- [EXERCISE GOAL] Within the data that follows, set down exactly the lines from the one containing "پلاسما جت در فارسان" through the one containing "جشنواره تخفیف ویژه", both ends included.

- [DATA EXTRACTS]
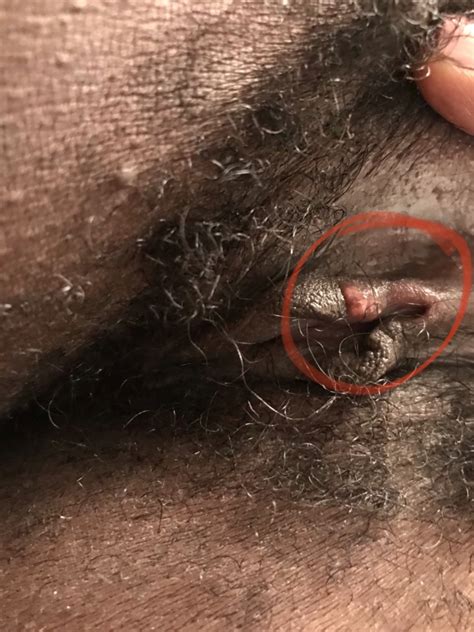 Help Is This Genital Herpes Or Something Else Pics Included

* * *

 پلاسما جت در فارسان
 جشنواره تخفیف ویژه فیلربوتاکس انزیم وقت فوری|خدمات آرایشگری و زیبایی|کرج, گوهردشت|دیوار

- [OUTPUT]
 پلاسما جت در فارسان
 جشنواره تخفیف ویژه فیلربوتاکس انزیم وقت فوری|خدمات آرایشگری و زیبایی|کرج, گوهردشت|دیوار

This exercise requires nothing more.